REQUIRED ACTION:
Reproduce the entries shown below only from the line with "CALCOT COTTAGE, NEW" down to the line with "HAIRtamin, BLOATamin ™, 30 веганских капсул", keeping both end lines and copying each one exactly.

[RECORDED INFORMATION]

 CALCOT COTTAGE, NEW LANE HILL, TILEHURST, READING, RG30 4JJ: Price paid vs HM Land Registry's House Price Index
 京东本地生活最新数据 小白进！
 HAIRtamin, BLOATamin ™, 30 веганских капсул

[/RECORDED INFORMATION]
[RECORDED INFORMATION]

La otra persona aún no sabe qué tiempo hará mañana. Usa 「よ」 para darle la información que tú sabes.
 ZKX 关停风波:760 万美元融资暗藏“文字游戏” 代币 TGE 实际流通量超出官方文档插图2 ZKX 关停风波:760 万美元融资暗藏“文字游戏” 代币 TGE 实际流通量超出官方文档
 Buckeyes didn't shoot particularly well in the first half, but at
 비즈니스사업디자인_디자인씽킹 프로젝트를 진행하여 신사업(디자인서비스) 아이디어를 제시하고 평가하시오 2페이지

[/RECORDED INFORMATION]

RESPONSE TO THE TASK:
 CALCOT COTTAGE, NEW LANE HILL, TILEHURST, READING, RG30 4JJ: Price paid vs HM Land Registry's House Price Index
 京东本地生活最新数据 小白进！
 HAIRtamin, BLOATamin ™, 30 веганских капсул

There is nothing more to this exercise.